This one is short and sweet. Yesterday I went into a phone store to get a new charger. I told the three-year-old assistant hovering by the phones what I needed. He grabbed one and led me to the till where I struck up a bit of witty repartee:
Me: I don’t know what I do with them, I keep buying them and leaving them places…
Him: Silent bar a look that seemed to say ‘Madam, I could not care where you leave them, why are you talking to me?’
Me: Anyway, I’m really good customer, is there any chance of a discount?
Him: A look of panic. He wasn’t expecting this. He pauses for a second then: ‘Er, no madam, unfortunately I’m not able to do that.’
Me (grinning madly): Are you sure? I’m really, really good customer. My bills are crazy every month…
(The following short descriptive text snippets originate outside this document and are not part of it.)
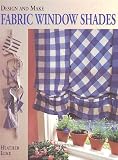 Home & Interior Design books item: Design and Make Fabric Window Shades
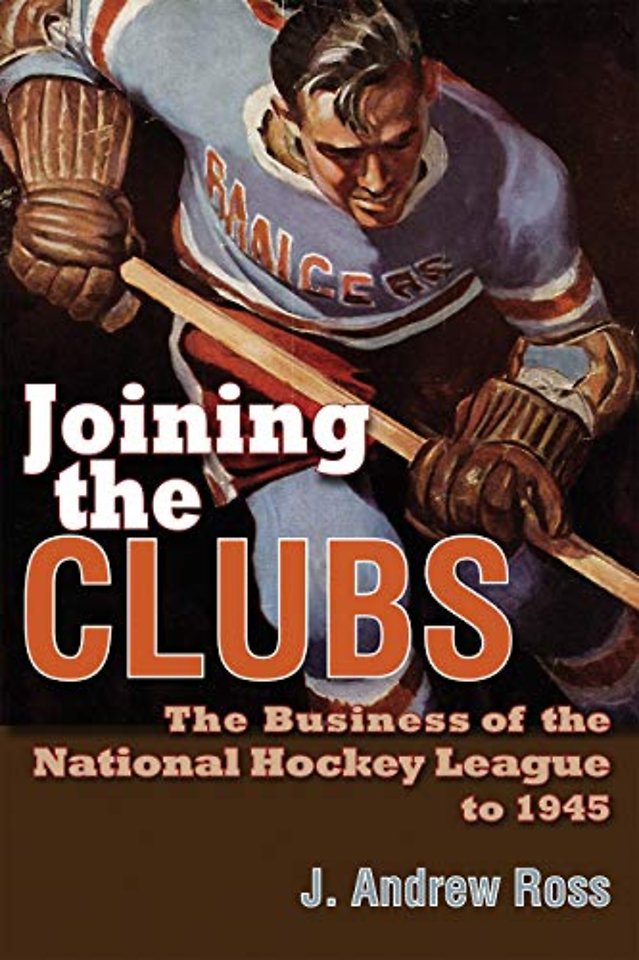 Joining the Clubs – The Business of the National Hockey League to 1945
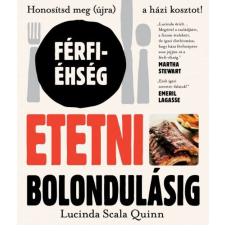 T.bálint Nyomdaipari, Szolgáltató és Logosztikai Bt. Etetni bolondulásig - Férfi éhség gasztronómia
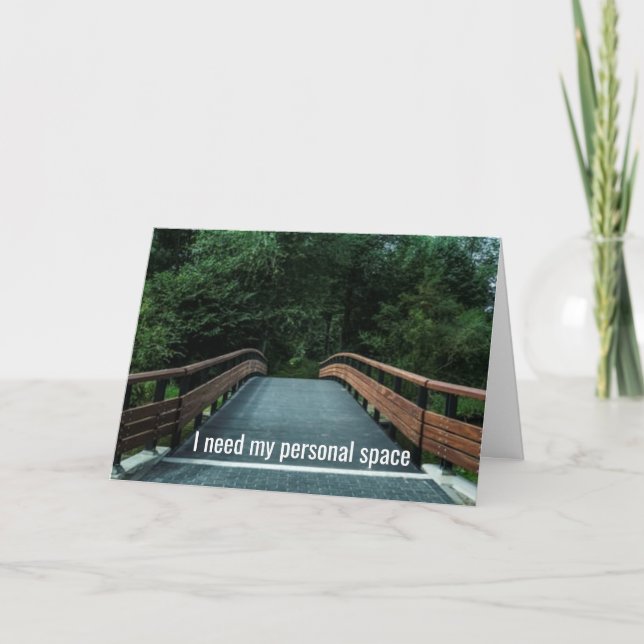 Ich brauche meinen persönlichen Raum, bitte geben  Karte (Vorderseite)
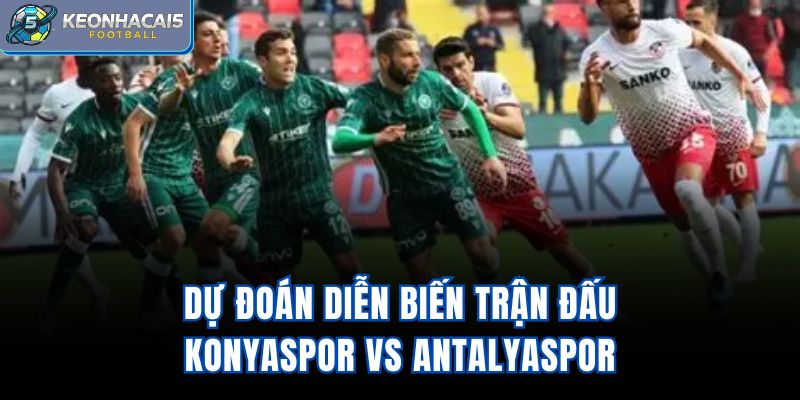 Dự đoán diễn biến trận đấu Konyaspor Vs Antalyaspor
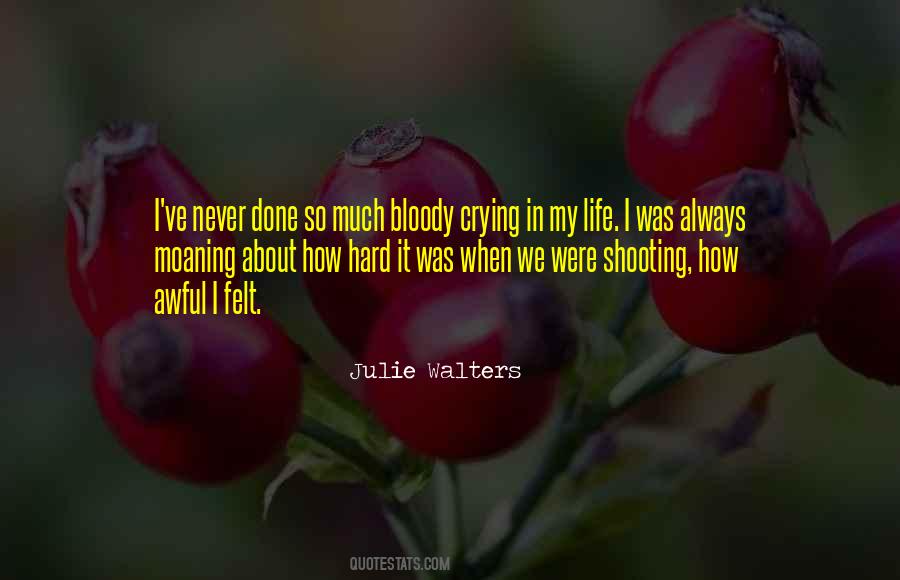 Julie Walters Quotes #1295061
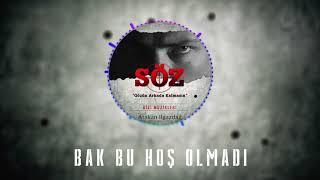 Atakan Ilgazdağ  #Söz Dizi Müziği - Bak Bu Hoş Olmadı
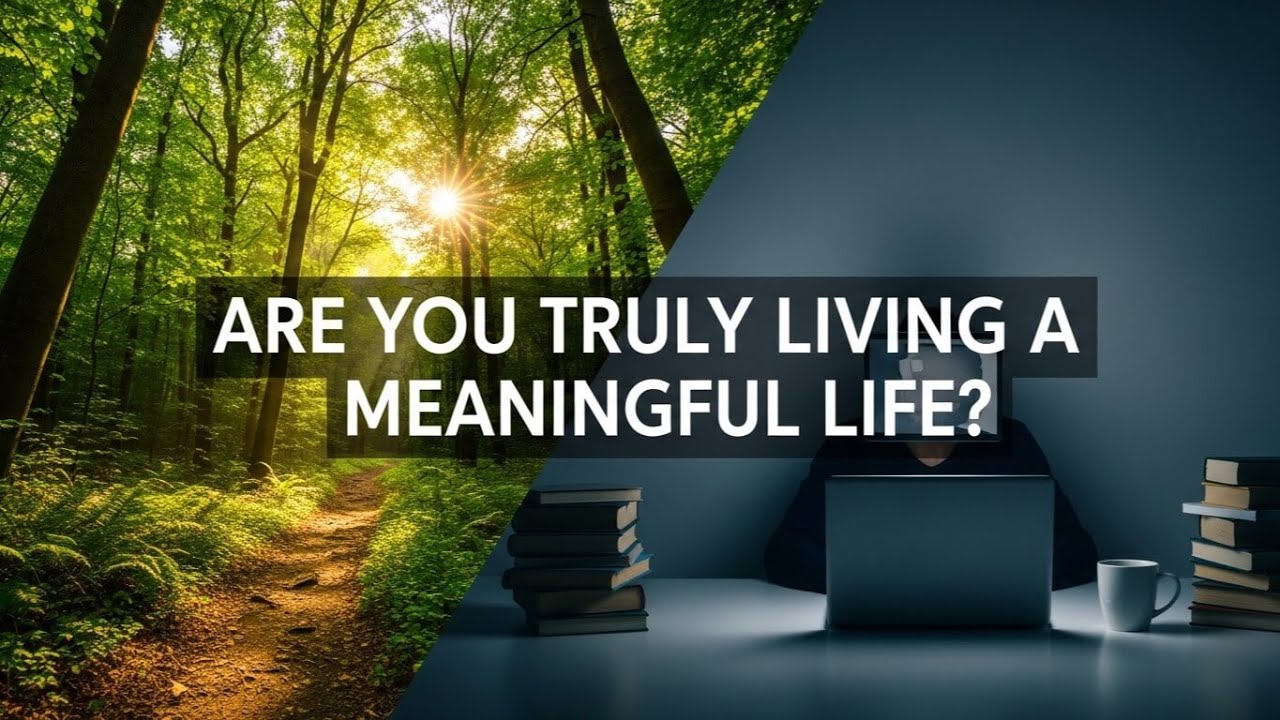 Are You Truly Living a Meaningful Life?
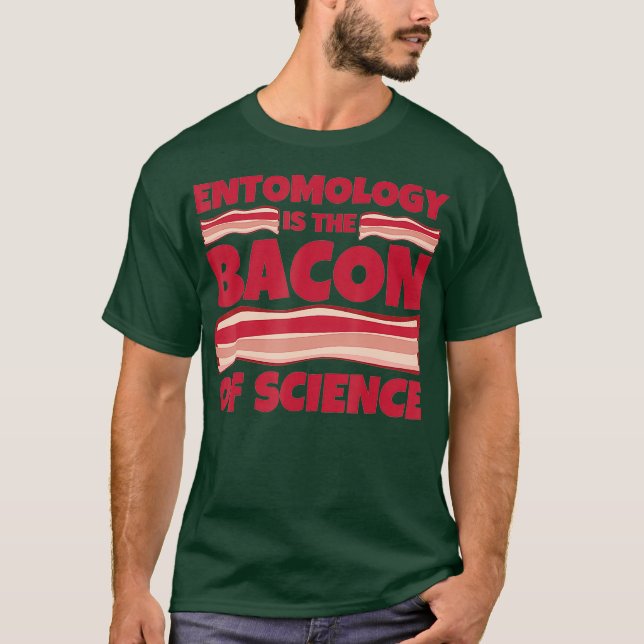 Camiseta Regalos de entomología - tocino de la ciencia (Anverso)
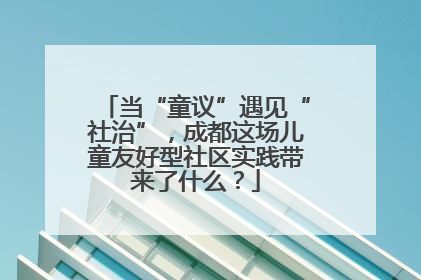 当“童议”遇见“社治”，成都这场儿童友好型社区实践带来了什么？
Him: A look that suggests that not only are my bills crazy, I may be crazy and he might have to call his manager soon. ‘Er, sorry, no.’
The customer, at the till next to me, breaks off from her conversation about roaming charges to give me a once up and down. I think she’s trying to see what kind of nutter/cheapskate I am. But maybe that’s in my head. She smirks. I smirk back.
Me (still grinning): OK! No worries!
Him: Confused and relieved. Smiles.
It was quite funny actually. I would usually be quite mortified in this situation, in case people thought I was a cheapskate, but yesterday I could not care less. I think my coffee shop romance has made my skin grow an extra layer thick. I am (temporarily at least) invincible.